Munguia has called Philadelphia’s kitchens home for over 14 years. He has extensive experience in Philadelphia’s culinary scene from work at Reef, Green Eggs Cafe and Melograno (with Chef Gianlucas Demontis). Munguia believes cooking is all about taking risks and he is a big fan of molecular gastronomy. “A chef’s dish is only a success if you can’t wait to try what they have coming out next,” said Munguia.
Since taking the helm at Cinder, Munguia has already started work on refining the opening dinner menu, developing new lunch and happy hour menus, and testing Cinder’s first daily and weekly specials. Later in spring, and just in time for outdoor dining season, Munguia will also unveil Cinder’s first brunch menu.
“We will continue to focus on pizza, cheese/charcuterie, and mussels, but Oliver taking stewardship of our kitchen team gives us a tremendous opportunity to diversify and expand our small plates options,” said Craft Concepts Group Director of Operations Alex Bokulich. “Also we are also partnering with Fair Food, so we will have an increased presence of local/sustainable cheeses and vegetables throughout our menu.”
Look for Munguia’s fresh perspective on the new Cinder menu. “I’m excited to have the opportunity to do what I love most and cook good food with good people,” said Munguia. “I intend to bring a new and exciting twist to your traditional bar food. I love to try different things that will pair with Alex’s extensive selections at the bar, but dishes that will also surprise you.”
Under Munguia’s leadership, Cinder‘s new menu features 16 new dishes and recipes:
Al Pastor – Marinated Pork, Achiote Sauce, Pineapple Sweet Habanero, Pepperjack (new recipe)
HAPPY HOUR
With the new menu comes the debut of Cinder‘s first-ever happy hour program. Happy Hour will run Monday through Friday, from 4:00pm to 6:00pm and include discounted food and drink, plus a food features.
From the bar, enjoy 32 drafts of ciders, sours and wild ales for $3.00 off, plus 16 varieties of wine by the glass for $3.00 off. From the kitchen enjoy a selection of Munguia’s new appetizers for only $5.00 each, plus any mussels preparation for only $8.00.

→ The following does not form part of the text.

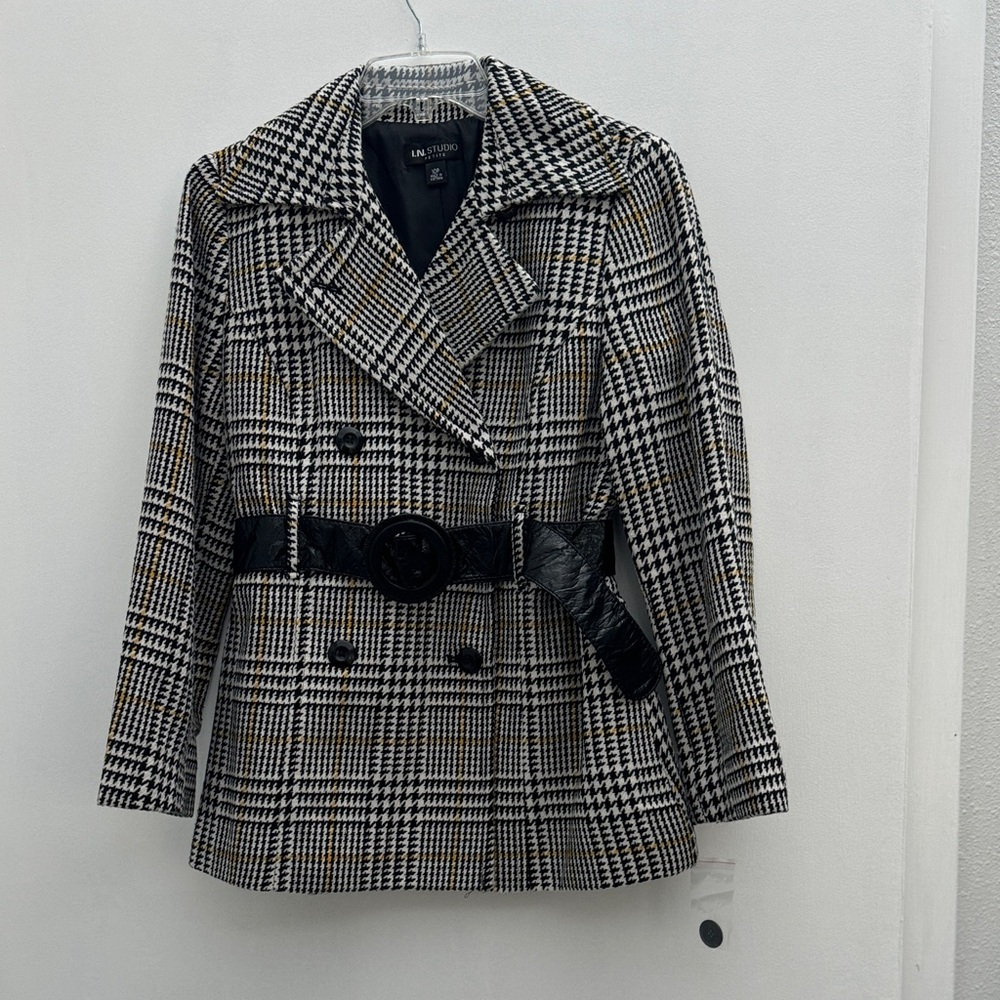 M.STUDIO Black, White, and Yellow Plaid Blazer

Selections for $5.00 will include:
Siracha Wings – Sambal, Sriracha, Ranch
Duck Spring Rolls – Cherry Chutney, Spiced Horseradish, Fig Jam
Pale Ale Mussels – Chorizo, Scallion, Shallot, Aleppo
Flemish Ale Mussels – Sausage, Fennel, Chile, Parsley
In addition to the above specials, look for the debut of daily wood-fired pizza specials that capitalize on seasonal and local ingredients. Rotating daily pizza specials will debut by early April.